To recommend a friend, we check if the dot product of two node embeddings is high.

$$ Score(u, v) = h_u \cdot h_v $$

### Why Dot Product Works for Recommendations

The embedding space is learned so that **connected nodes are close together**. The dot product measures similarity in this space:
- **High score**: Nodes are similar (likely to connect)
- **Low score**: Nodes are dissimilar (unlikely to connect)

This is the same principle behind collaborative filtering in recommendation systems — but GNNs can also incorporate node features (content-based) alongside graph structure (collaborative), giving you the best of both worlds.

### The Three Main GNN Tasks

1. **Node Classification**: Predict a label for each node (e.g., "Is this user a bot?")
2. **Link Prediction**: Predict whether an edge should exist (e.g., "Should we recommend user A follow user B?")
3. **Graph Classification**: Predict a label for an entire graph (e.g., "Is this molecule toxic?")

In [None]:
# Forward pass to get embeddings
embeddings = model(data)

# Predict link between Node 0 and Node 2 (who are NOT friends yet)
node_0 = embeddings[0]
node_2 = embeddings[2]

score = torch.matmul(node_0, node_2)
prob = torch.sigmoid(score)

print(f"Probability of connection between 0 and 2: {prob.item():.4f}")

## Key Takeaways

1. **Graphs** model relationships — they're the natural data structure for social networks, molecules, knowledge bases, and fraud detection.
2. **GNNs** learn embeddings through message passing — each layer aggregates information from neighbors, building richer representations.
3. **Over-smoothing limits depth** — unlike CNNs, GNNs work best with 2-4 layers.
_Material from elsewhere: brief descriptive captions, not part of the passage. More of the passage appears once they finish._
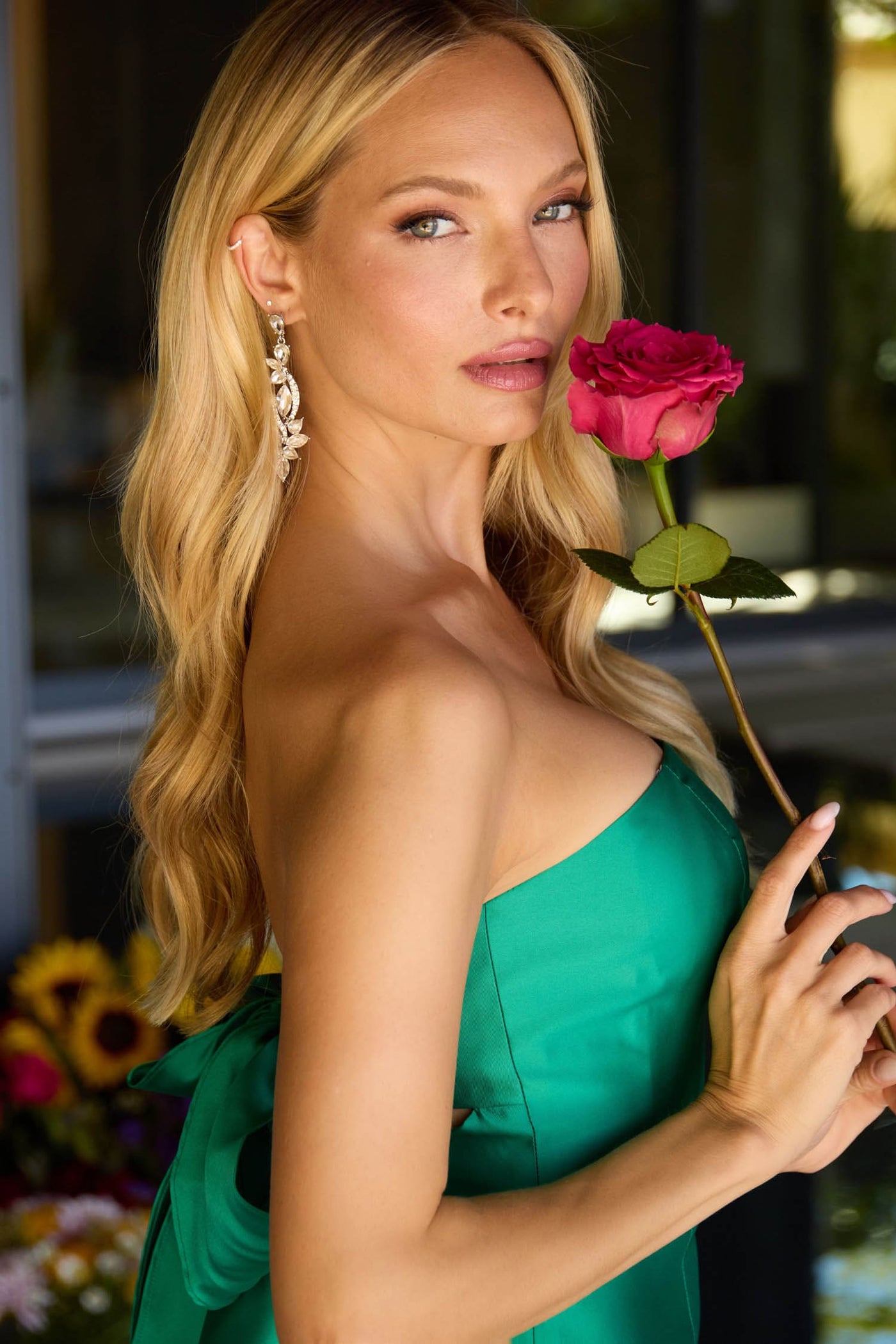 Woman in a green dress holding a pink rose with a blurred background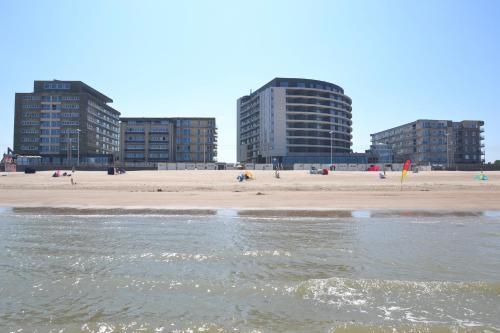 a beach with two tall buildings in the background at Vayamundo Oostende in Ostend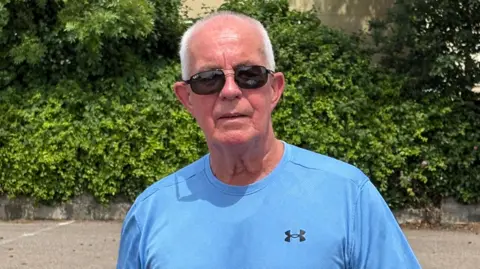 A mostly bald man with a bit of grey hair wearing sunglasses and a blue t-shirt standing in front of a hedge in a car park.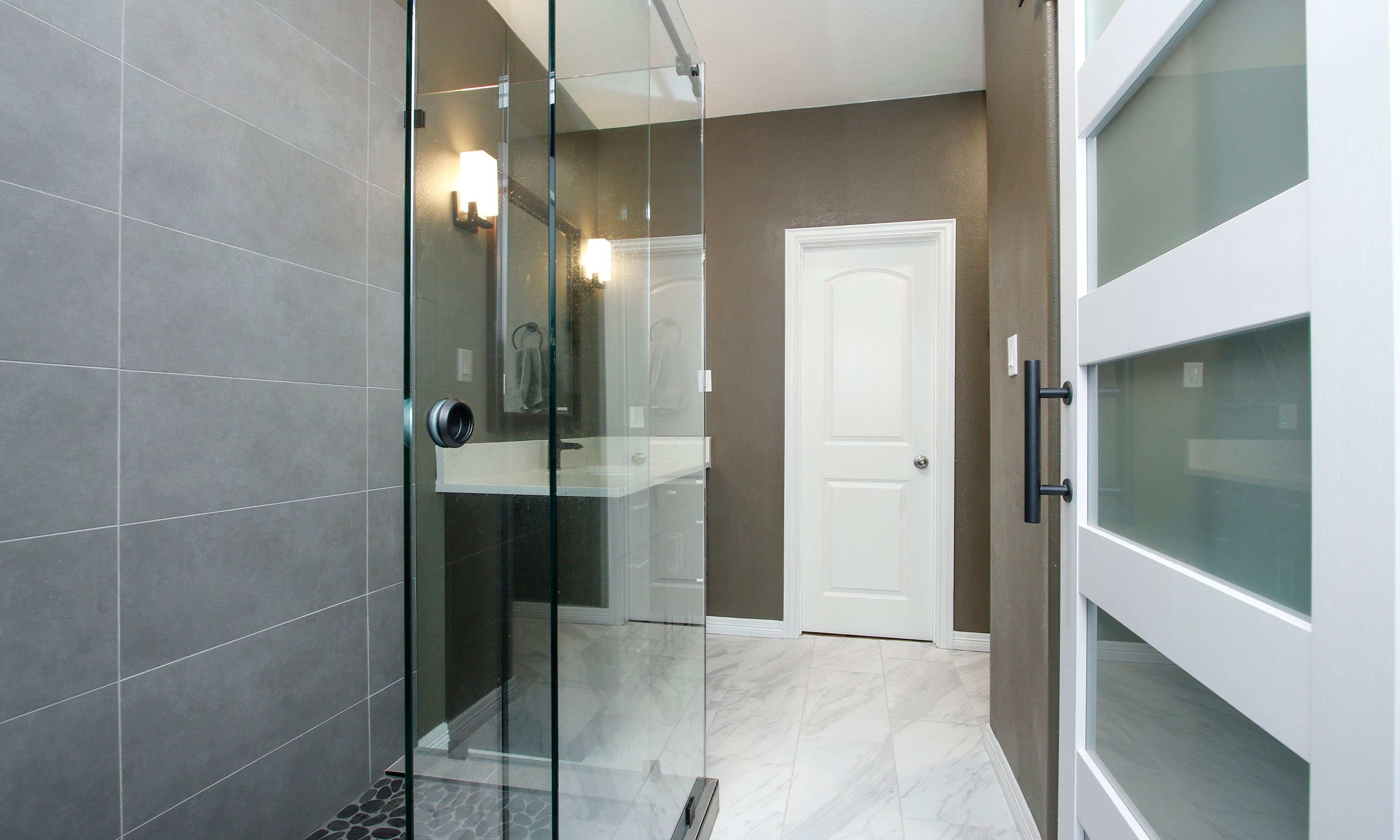 texas bathroom remodel with large gray shower tiles, brown walls, and light marble floor tiles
Too many layers cause all node embeddings to converge.
4. **Architecture choice depends on scale**: GCN for simplicity, GAT for importance-weighted neighbors, GraphSAGE for billion-node production graphs.
5. **Transductive vs Inductive**: If new nodes appear regularly (e-commerce, social media), use an inductive method like GraphSAGE.
6. **Link Prediction** is the basis of modern recommendation systems — learned embeddings capture both content features and graph structure simultaneously.